Build-Time Controls¶
Build-time controls to enable or disable the constant tensor cache feature are not supported. Only run-time controls through the graph API or environment variables are supported. Refer to the following section.
Run-Time Controls¶
Constant Tensor Cache Capacity Control API¶
oneDNN Graph provides users with a pair of APIs to control the constant tensor cache feature. To enable the constant tensor cache and set the capacity to a specific engine kind, call the setter
API. The unit of setter
capacity API is megabytes (MB). New tensors won’t be cached when capacity is reached. To query the current capacity for a specific engine kind, call the getter
API.
// setter API @ref dnnl_graph_set_constant_tensor_cache_capacity // getter API @ref dnnl_graph_get_constant_tensor_cache_capacity
Environment Variable¶
In addition to a programmable API, oneDNN Graph also provides users with an environment variable named ONEDNN_GRAPH_CONSTANT_TENSOR_CACHE_CAPACITY
to control the capacity. It accepts values in the form engine_kind:size
or engine_kind1:size1;engine_kind2:size2
. The first example below means the user can set capacity for one engine kind (cpu
).
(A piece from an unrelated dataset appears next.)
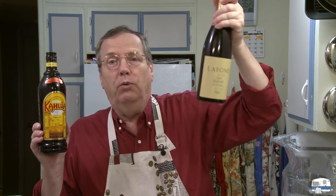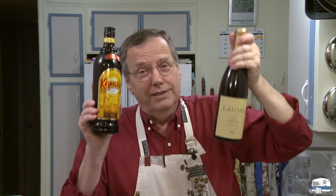Kahlua is 20% alcohol. And just for comparison, this bottle is 15.3% alcohol by volume. There isn't much more alcohol in this than there is in a bottle of wine. So I'm not looking to make booze.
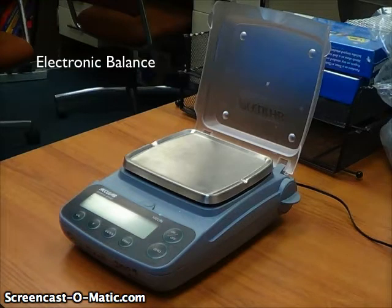The way this works is you take whatever object you want to measure the mass of, and you place it on this tray on top of the balance, and the mass is displayed in this window.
The second example is that the capacity of cpu
and gpu
are set to 1024 MB and 2048 MB separately.
Environment variable |
Value(string) |
Description |
---|---|---|
ONEDNN_GRAPH_CONSTANT_TENSOR_CACHE_CAPACITY |
“cpu:size1;gpu:size2” |
Set cpu constant cache capacity size to size1 and gpu to size2 |
export ONEDNN_GRAPH_CONSTANT_TENSOR_CACHE_CAPACITY="cpu:1024" export ONEDNN_GRAPH_CONSTANT_TENSOR_CACHE_CAPACITY="cpu:1024;gpu:2048"
Note
The environment variable API should be set only once before the application starts; the library will read the variable and cache it inside to reduce string parsing overhead. Re-setting the environment variable at runtime will not take effect. Functional APIs have higher priority than environment variables. If users call the functional APIs, it will overwrite the capacity values specified through the environment variable.